This page demonstrates a simple approximate algorithm for finding the closest point on any given SVG path element. Although the algorithm is not guaranteed to return the best answer, the answer is reasonably good, and the accuracy is tunable at the expense of performance. It is based on Mike Kamermans’ excellent Primer on Bézier Curves.

A coarse linear scan of the path provides an initial guess. Then, a binary search improves the guess to the desired level of precision (here, about 1px). The coarseness of the initial scan is configurable; for paths where there may be multiple close points at different lengths along the path, such as at intersections, a finer initial scan is needed to avoid converging on a suboptimal answer.

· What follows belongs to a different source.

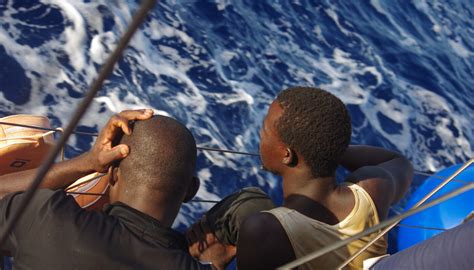 Pressemitteilung August Segelschiff Nadir Rettet Menschen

Knowing the closest path to a given point is useful for multi-line charts in the same way the Voronoi tessellation is useful for scatterplots: it makes it easier to select or highlight elements using the mouse. Instead of requiring the user to hover over a line precisely, you can use this algorithm to find the line closest to the mouse. Alternatively, you can compute a Voronoi diagram for lines by sampling points along each path.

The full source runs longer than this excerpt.